DISSENTING FINANCIAL CREDITORS AND THE RESOLUTION PLAN DILEMMA: IMPLICATIONS OF KRISHNA INFOSOLUTIONS RULING BY - TEESHA DEB
DISSENTING
FINANCIAL CREDITORS AND THE RESOLUTION PLAN DILEMMA: IMPLICATIONS OF KRISHNA
INFOSOLUTIONS RULING
AUTHORED BY - TEESHA DEB
1. Examining
the Shifting Rights of Financial Creditors
The
evolution of the Insolvency and Bankruptcy Code, 2016 (IBC) has led to profound
changes in the dynamics between creditors and debtors in insolvency proceedings
in India. Financial creditors, who hold a central role in the resolution process,
have witnessed their rights evolve and undergo intense scrutiny over the years,
especially in cases involving dissenting creditors. The decision in Krishna
Infosolutions Pvt. Ltd. v.

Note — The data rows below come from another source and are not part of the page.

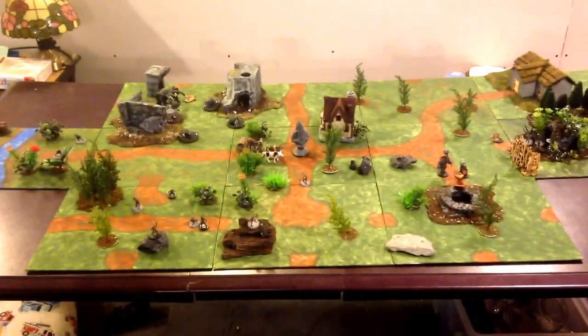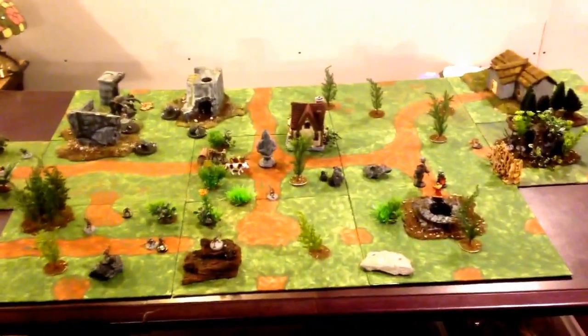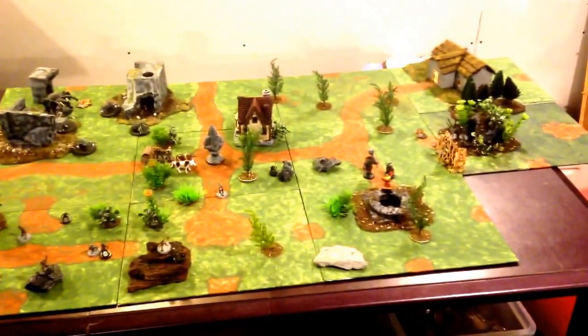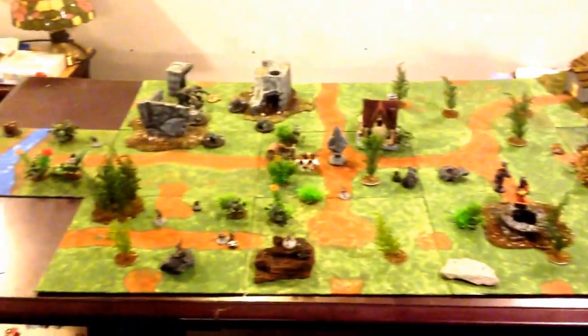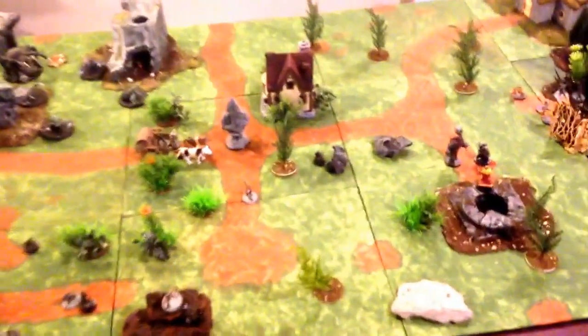Hey guys! I ran out of paint so I didn't quite complete the 15 tiles, but this is gonna give you a good idea of what the final project is. All right, so here it is. You can see it's really modular and easy to place terrain on it.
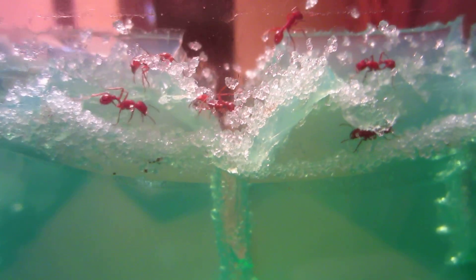I've had these guys for over a month now and they have been busy excavating tunnels. You can see this white, snowy residue on top — that is just little bits and pieces of the green gel that they have bitten off and brought to the top as they have been excavating their tunnels.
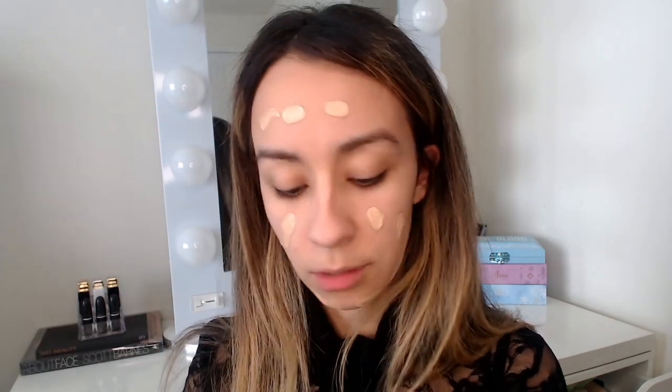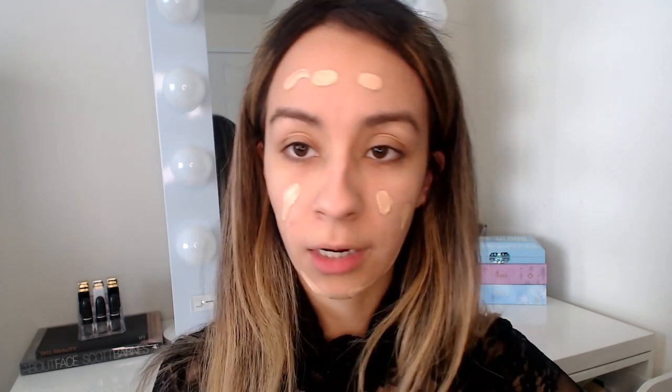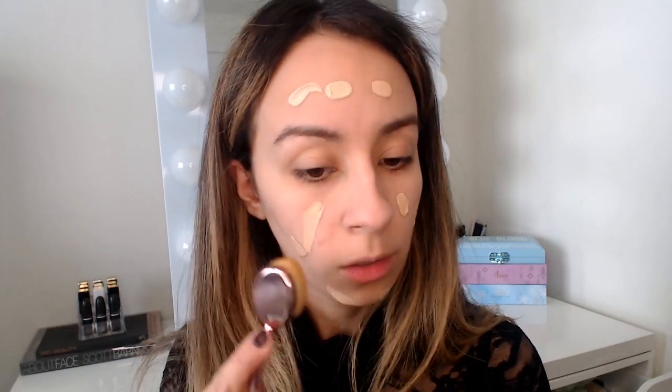Both primers have now set and I'm going to put foundation over the top to compare. The foundation I'm using is the Wet & Wild Photo Focus Foundation — the original one, not the dewy version. I'm going to use two brushes, the same type but kept separate for each side — both by Crown Brushes — just to keep the application consistent.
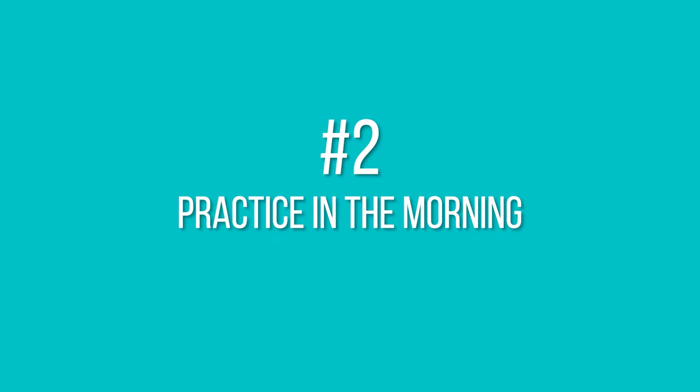Number two: practice in the morning right after waking up, because your body will still be a bit sleepy — your heart rate is really low when you sleep and it's a good time to practice.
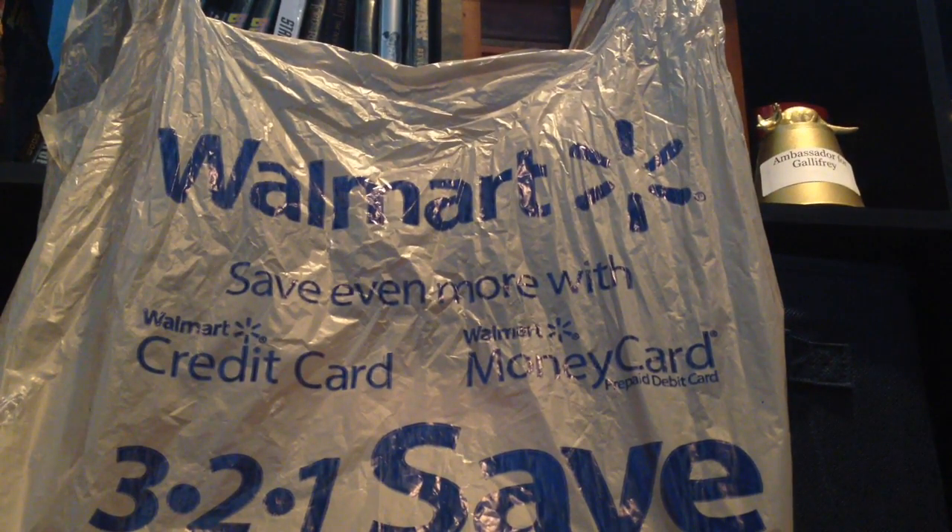What's up? Today I'll be reviewing the Marvel Legends Vision from Walmart.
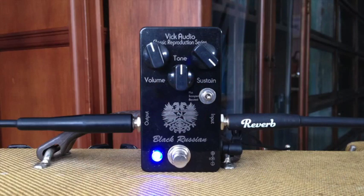Last but certainly not least, we have the Black Russian. This will probably be the most familiar to many, as the voicing is closest to the modern Big Muff that is produced today. It pays homage to the black enclosed pedal that was developed after production moved to Russia.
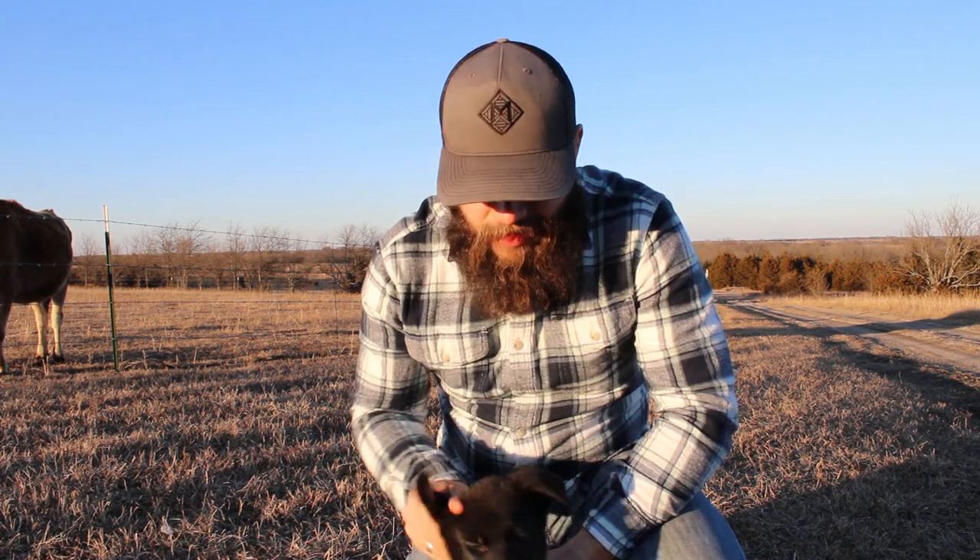So this is Yawya. Yawya is a Cherokee word for wolf. A lot of us have a little bit of a hard time saying that, so he might get called Wolf or Yawya — we'll see.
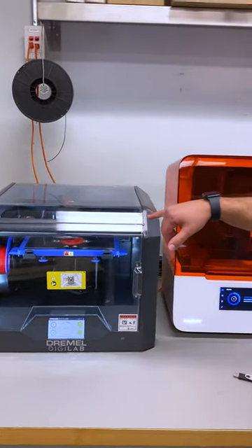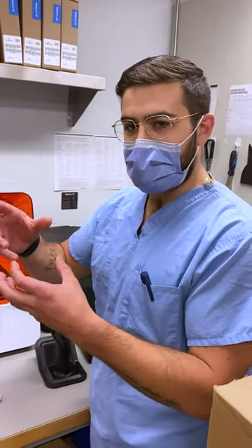Currently being built here is a socket that's going to be used on a Philips FMS rack to hand tighten.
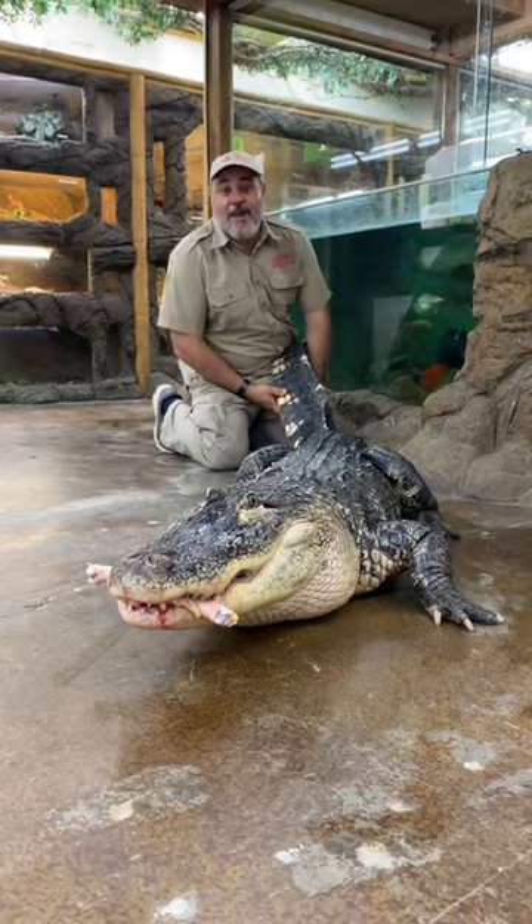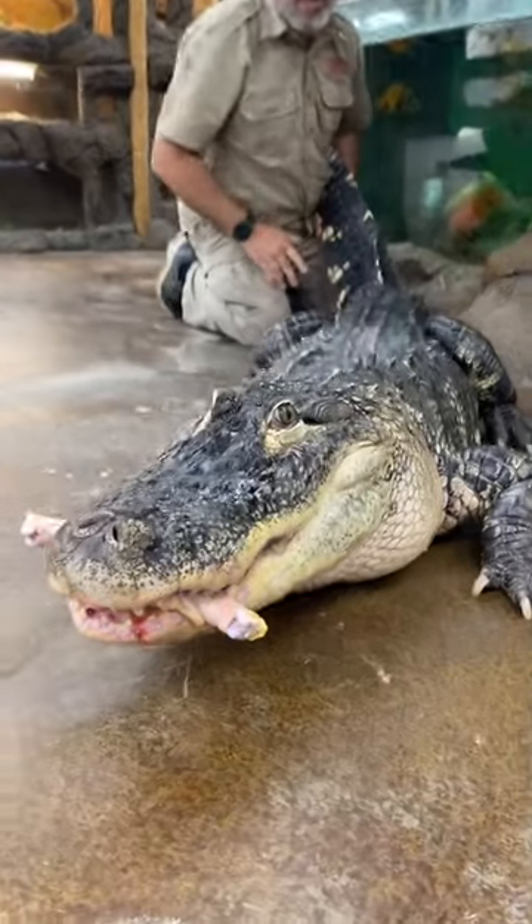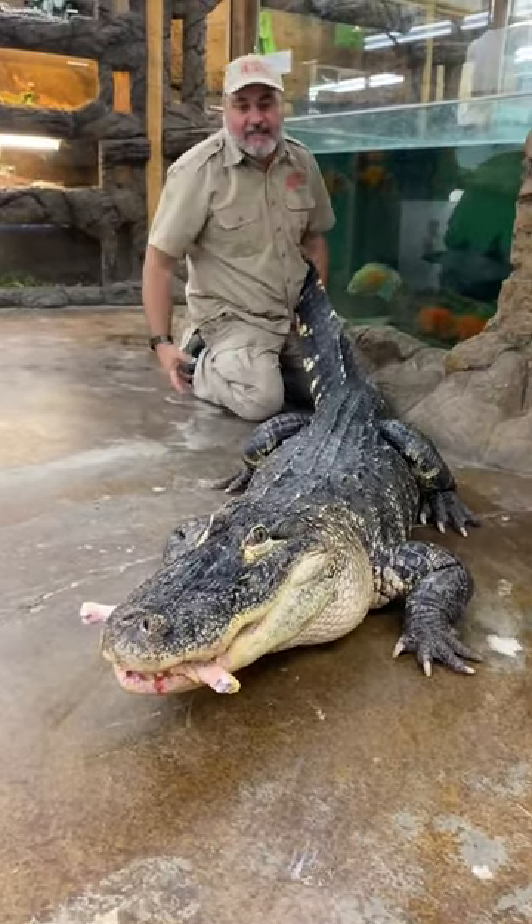Check it out. This is dark gator, American alligator. They're really cool. They've got these plates in the back — they're called osteoderms. They're basically a bulletproof vest for alligator attacks.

Anil Anchalia & Anr[1].
has added a crucial dimension to the ongoing discourse on the rights of
dissenting financial creditors under the Insolvency and Bankruptcy Code, 2016
(IBC). This judgment delves into the interplay between the statutory
entitlements of dissenting creditors and the discretion exercised by the
Committee of Creditors (CoC) in resolving insolvency.
At the
heart of the case is a dissenting financial creditor’s claim to surplus funds
under a resolution plan approved by the CoC. While the National Company Law
Appellate Tribunal (NCLAT) upheld the CoC’s authority to allocate surplus
funds, it unequivocally restricted dissenting creditors to their statutory
minimum entitlements as prescribed under Section 30(2) of the IBC[2].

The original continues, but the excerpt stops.